Here’s where US indexes stood at 4 p.m. on Thursday:
- S&P 500: 4,239.33, up 0.47%
- Dow Jones Industrial Average: 34,465.77, up 0.05% (18.63 points)
- Nasdaq Composite: 14,020.33, up 0.78%
Federal Reserve officials have signaled to market participants that they see inflationary pressures as transitory and that the central bank is unlikely to raise ultra-low interest rates before 2023.
“It is perhaps testament to how effective the Fed’s adjustment in communication has been recently since today’s [inflation] reading would likely have caused a very different reaction if it had come before the gentle shift in tone that has reassured investors about the responsiveness of Fed policy,” said Chris Beauchamp, chief market analyst at IG, in a note.

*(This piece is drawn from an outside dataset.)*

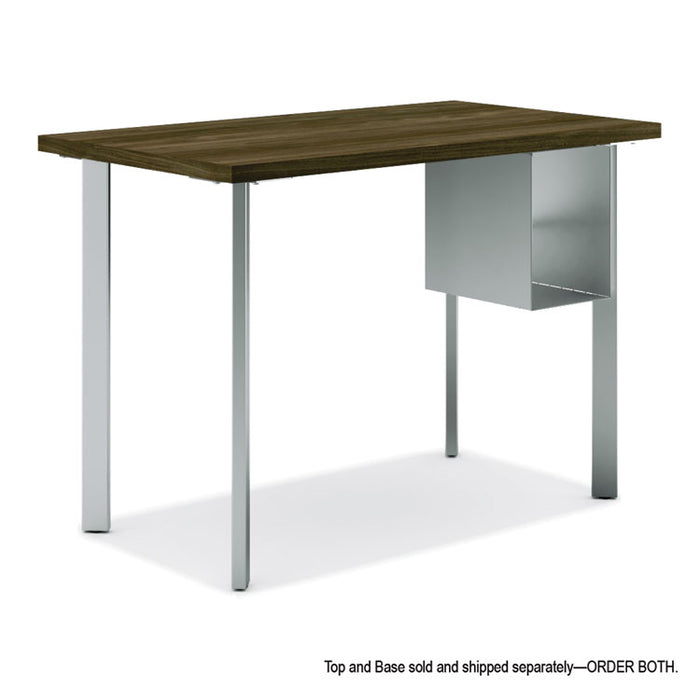 Coze Writing Desk Post Legs with U-Storage Compartment, 5.75" x 28", Silver, 4 Legs/Set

Around the markets, GameStop lost nearly 30% during the session after the video game retailer said it may sell up to 5 million shares and that the Securities and Exchange Commission has requested information as part of its investigation into the trading of its shares.
Gold rose 0.4% to $1,895.38 per ounce. Long-dated US Treasury yields turned lower, with the 10-year yield down at 1.465% to its lowest since early March.
Oil prices rose, with West Texas Intermediate crude up by 0.5% at $70.28 per barrel. Brent crude, oil’s international benchmark, was up 0.3%, at $72.42 per barrel.
Bitcoin climbed 4% to $38,000 before paring gains to trade around $36,665.80.